The rulers continuously tighten the screw as they fear being the first victims of change. When the rebellion broke out in Libya and Syria, Gaddafi and Assad even unleashed their armies on their own people and bombed their own cities.
The root cause of today’s struggles in Arab lands is anchored in the Arab peoples’ refusal to continue serving oppressive and corrupt regimes and their leaders’ unwillingness to let their people choose their leaders themselves. Trust between the opposing sides is shattered beyond repair.
For some of the nations, the time for evolution has passed. The moment for revolution has arrived with all its excesses, brutalities, and destructiveness.
After the collapse of communism and disintegration of the Soviet Union, there was much talk in Washington about a new world order.

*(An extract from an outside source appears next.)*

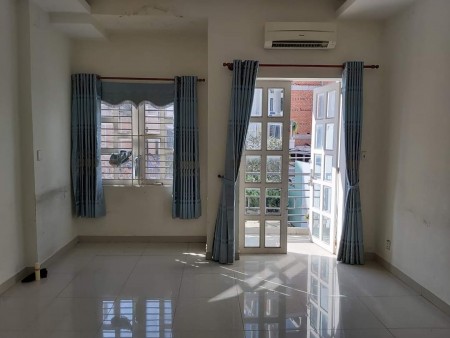 Cho thuê phòng đường Cao Thắng Sư Vạn Hạnh Quận 10.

Matters, however, did not move much beyond mere conversation.
The U.S. continued being in bed with absolutist regimes wherever this was politically and economically expedient. This policy still drives what America does in the Middle East. That is still the basis of America’s intervention in the Arab countries’ rebellions. It’s high time for the U.S. to seek alternative approaches to foreign affairs.
In January 1993, I published an article about the Middle East and American foreign policy toward the Arab world.
Here is one paragraph from it:
“Independent of any other considerations, the U.S. must actively encourage change in the region, challenging established regimes to introduce urgently needed reforms and withholding military and technical support from those Arab leaders who refuse to change.
At the same time, the U.S. should actively search for channels to communicate with those groups within these countries which seek viable routes toward more democratic societies.”
If we want to avoid the mayhem that has engulfed Libya, Iraq, Syria, and Yemen to spread to other Arab nations, Washington must change its policy toward the Middle East. The rapid transformation of the political, social, and economic systems in that region’s countries is conditio sine qua non.
A stable Arab world with democratic administrations and the rule of law, instead of being a region of death and destruction, would be a successful political and economic partner to the rest of the international community.